The new fare system will replace MARTA’s aging Breeze card, which the agency launched in 2006. MARTA plans to roll out a white-label EMV card in place of its existing Mifare-based Breeze card, though it will continue to make Mifare DESFire-based cards available as a backup. It will also continue to issue low-cost Mifare Ultralight cards for limited use, according to the RFP.
MARTA’s Adam McGavock, manager for the new fare system project, said the agency’s staff recommended that INIT receive the contract because it had the highest technical score, lowest price and had supplied similar fare systems to agencies in Portland, San Diego, Seattle, and Tampa, Fla. within the past five years. McGavock said the agency had received proposals and bids from five vendors and narrowed the list to three then to two finalists. INIT and Cubic were the two finalists, Mobility Payments has learned.

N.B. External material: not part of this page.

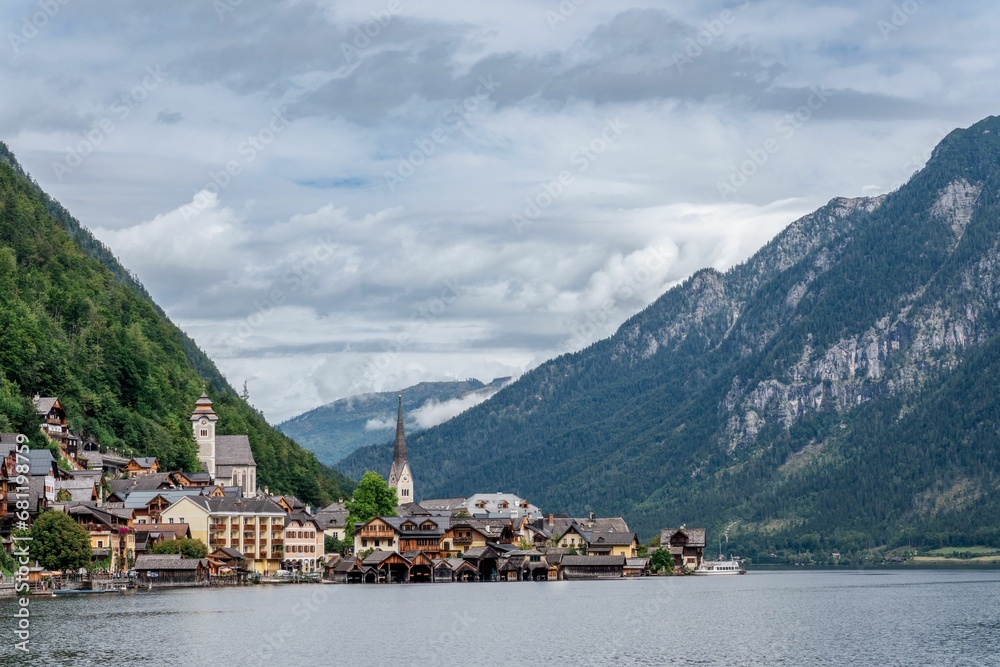 Picturesque cityscape featuring a clock tower and a mountainous backdrop: Hallstatt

The contract win for INIT will be at least the second time the vendor will be replacing Cubic as incumbent. It earlier won a contract from the Metropolitan Transit System, or MTS, in Cubic’s home base of San Diego, to replace the Cubic-provided Compass card with a new closed-loop Pronto card. Pronto launched in September 2021. MTS plans to introduce open-loop payments in the spring, as Mobility Payments recently reported.
But the loss of MARTA probably stings more for Cubic, since San Diego is believed to have had particular demands for its new fare system that may have helped INIT win the contract. Atlanta, on the other hand, was the “first real major displacement of Cubic,” said an industry observer.
This follows Cubic’s high-profile loss of a 15-year, AU$1.7 billion (US$1.1 billion) contract in Melbourne, Australia, in the spring. Cubic executives complained about the selection of its rival Conduent for the project in a letter to the head of the Victoria government that leaked. The loss of the contract is believed to have led to an internal shakeup in the region for Cubic. The failure to win the MARTA contract could have consequences, as well, especially since, as the incumbent, it was Cubic’s project to lose.
It’s difficult to displace incumbent vendors, which often find ways to lock themselves into fare-system supply contracts.
For example, elsewhere in the U.S., Ohio-based NEORide, a council of governments consortium of agencies, is expected to award a new contract to UK-based Masabi to continue to provide software-as-a-service ticketing to more than a dozen transit agencies across multiple states, Mobility Payments has learned.
NEORide in the spring had issued a request for proposal to expand its fare system. The agencies likely would have to pay to replace hundreds, even thousands of validators if they select another vendor.